# Laser / Cirrus card



## heracles (18 Sep 2007)

My 15 year old son is a customer of Bank of Ireland and has a laser card.  He is travelling to the UK soon and wants to get a cirrus card so that he can withdraw cash from his account but the Bank has told him that he can't have one because he is under 18.  My 17 year old daughter got one from her bank with no problem! Anyone know what is the legal situation here?


----------



## HighFlier (18 Sep 2007)

Looked at AIB website. Dosen't say you have to be 18 but for Student Plus account with debit card  you need to be 3rd. level student so I guess at least 17.

Maybe that explains the difference.


----------



## asdfg (18 Sep 2007)

Be careful when using Bank of Ireland Cirrus. They charge approx 4% of the amount withdrawn


----------



## Perplexed (18 Sep 2007)

I'm surprised if anyone under 18 has a Cirrus Card. (I presume OP has typed Laser instead of 365 card as a Laser card incorporates Cirrus )

It's *illegal* to lend to anyone under 18 & seeing as you can overdraw on a Cirrus Card, because it's not online when abroad, it is not allowed to underage persons.

A cirrus card is a very expensive way of withdrawing cash when not in the Eurozone. There are charges of 3.5% for each tx min charge €3.15 & max (I think ) €17.50 when in a different currency area, with a BOI cirrus card. You can run up charges very quickly this way.

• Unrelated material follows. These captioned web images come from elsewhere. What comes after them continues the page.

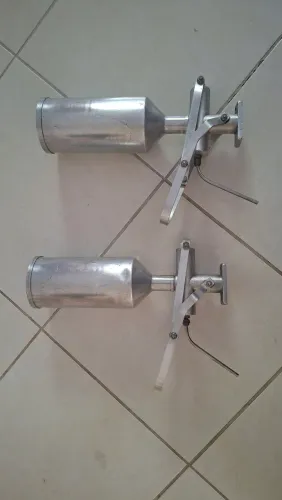 doceira / recheadeira para churros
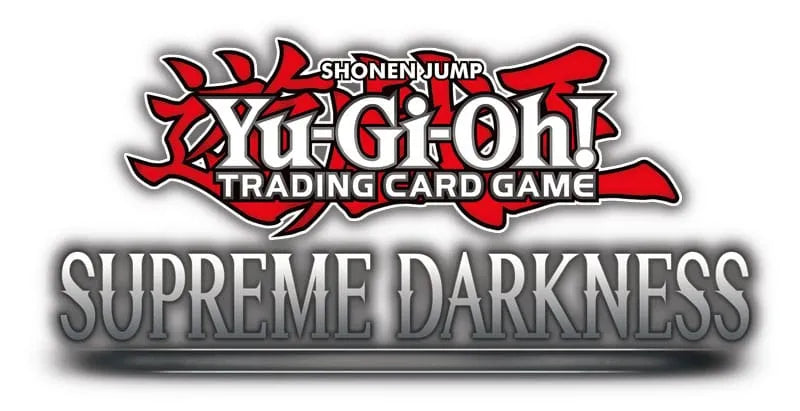 Yu-Gi-Oh! TCG Supreme Darkness Booster Display (24) *Deutsche Version* - Smalltinytoystore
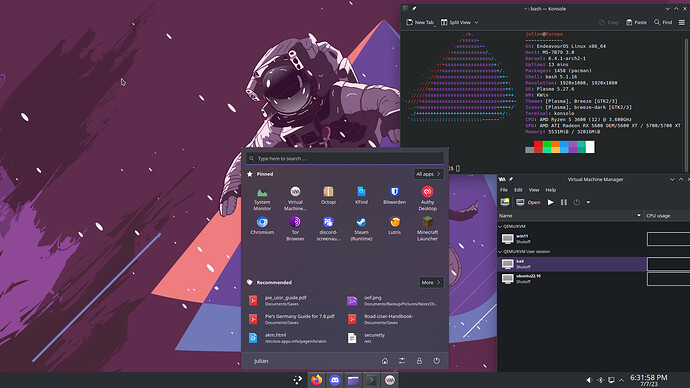 Desktop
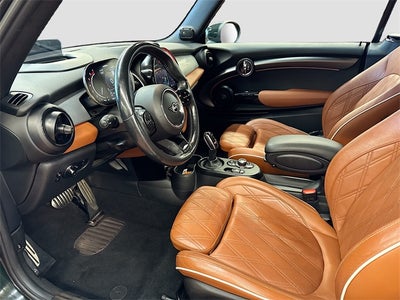 2022 MINI Convertible John Cooper Works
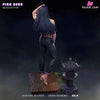 Jujutsu Kaisen Suguru Getou Statue - Pink Bear Studio [Pre - Order]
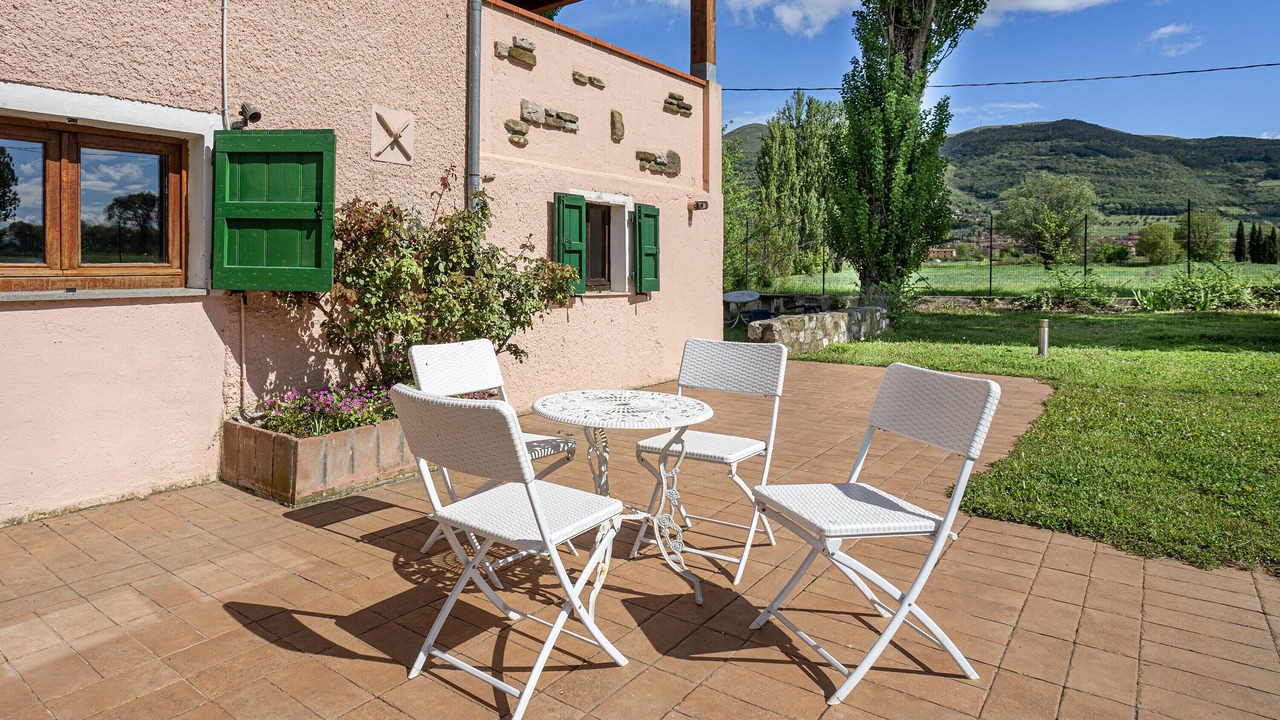 Photo of Patio Balcony in Monteluiano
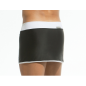 PAREO COURT MICROFIBRE NOIR CLASSIC - MODUS  VIVENDI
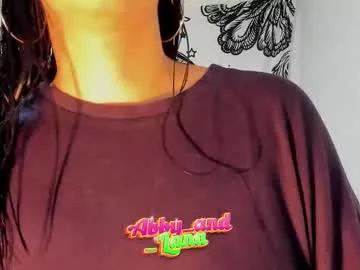 abby_and_lana on Chaturbate
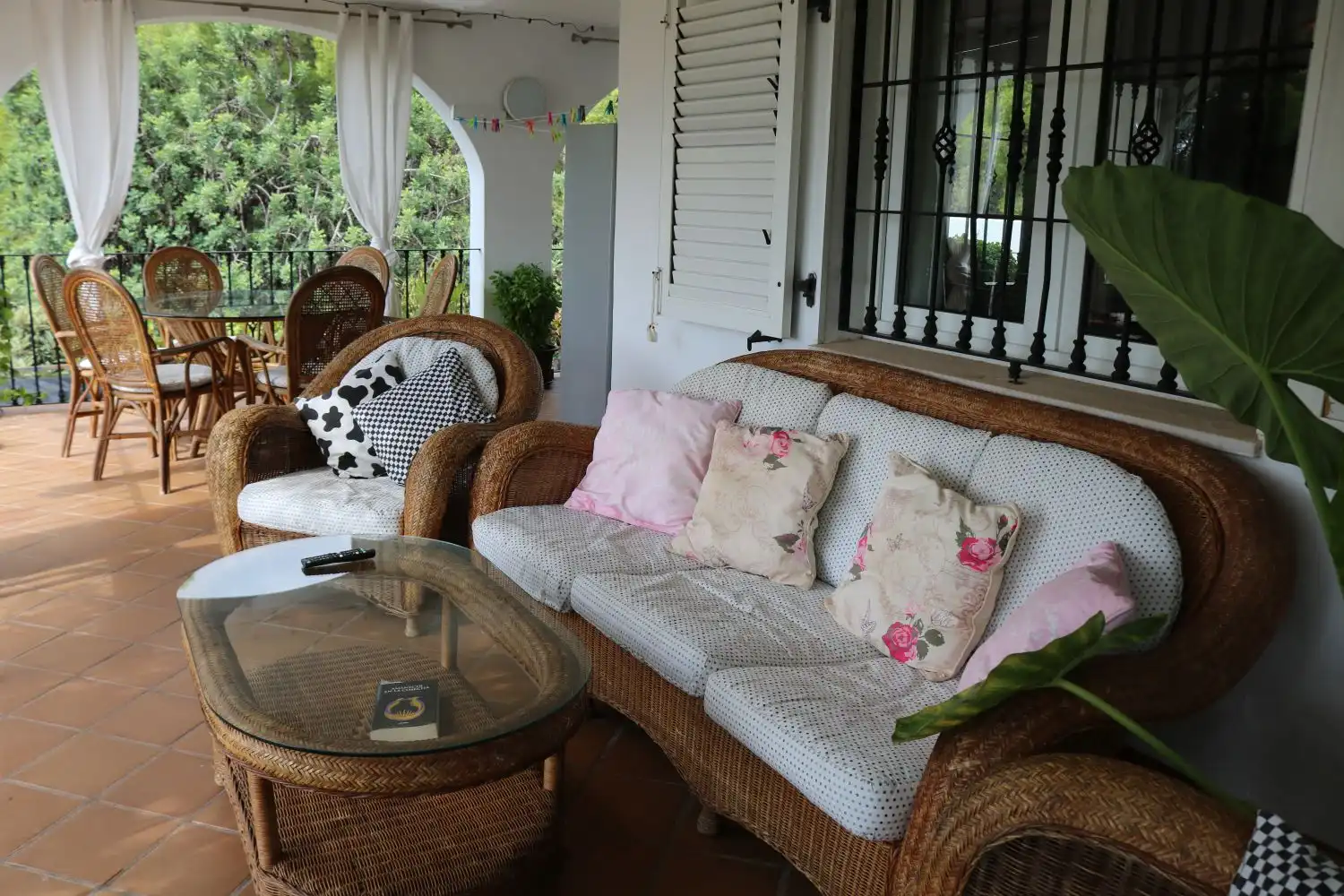 Terrace of Houses for sale in Benicasim / Benicàssim  with Terrace and Storage room
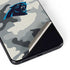 NFL Carolina Panthers Camo Galaxy S22 Skin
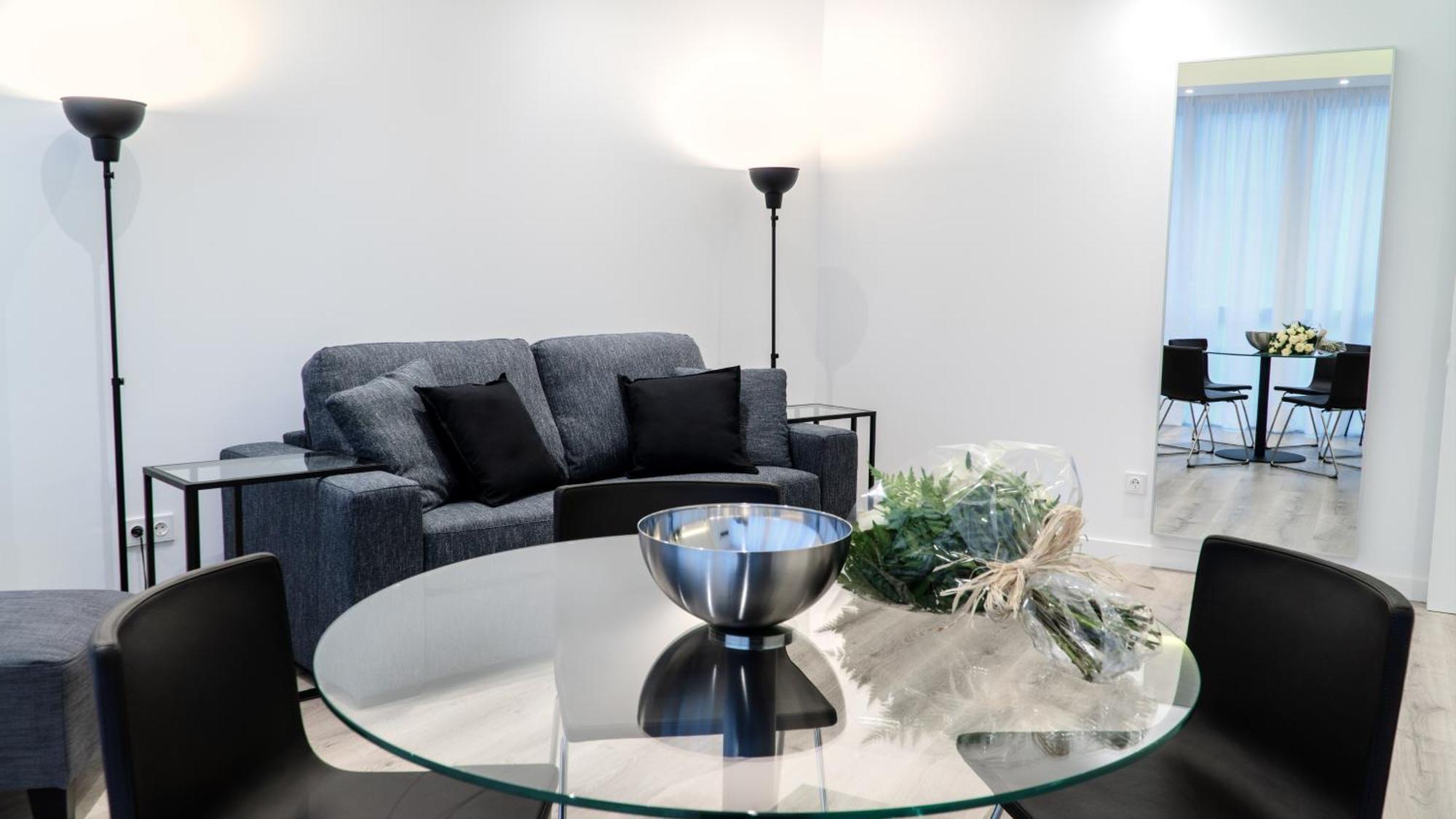 Lauser City Suites 洛斯·亚诺斯·德·阿里丹 客房 照片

Hope this help to clarify.


----------



## Sn@kebite (15 Oct 2007)

Anyone know what the max spendature in one purchase on a (_AIB_) Maestro Laser Card is?


----------



## Gulliver (15 Oct 2007)

For a normal Laser it is about €1400, but any retailer may impose his own limit


----------



## Sn@kebite (15 Oct 2007)

Gulliver said:


> For a normal Laser it is about €1400, but any retailer may impose his own limit


Thanks Gulliver!


----------